Advisors: Paula Groves Price Committee members: Pamela J. Bettis; John Lupinacci.
Özet:
For this study, I explored how Washington State University's Composition Program might further equip faculty to address the relationships of language, knowledge, and power---specifically as connected to whiteness, normativity, and colonization---within a composition class. Much scholarship within rhetoric and composition addresses these relationships in a theoretical sense (Alexander & Rhodes, 2011; Smitherman, 2015; Villanueva, 1997, 2004). Some additional scholarship discusses how individual scholars apply these theories to their classrooms (Alexander & Rhodes, 2014; Driskill, 2015; Gubele, 2015; Perryman-Clark, 2015). However, almost no scholarship discusses how to further equip teachers to address issues of language and power at the programmatic level.

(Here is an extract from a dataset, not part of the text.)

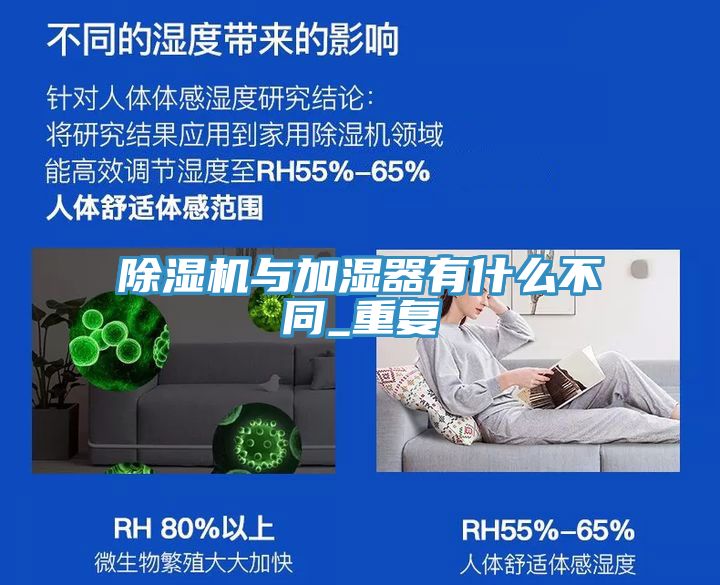 小黄片直播视频与加湿器有什么不同_重复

This programmatic piece is crucial, as otherwise individual teachers committed to this work are potentially left to address language, knowledge, and power on their own, a task that places the largely contingent workforce of first-year composition teachers in a precarious position. This project builds on the current theoretical and pedagogical scholarship to address the preparation and professional development of composition teachers program-wide.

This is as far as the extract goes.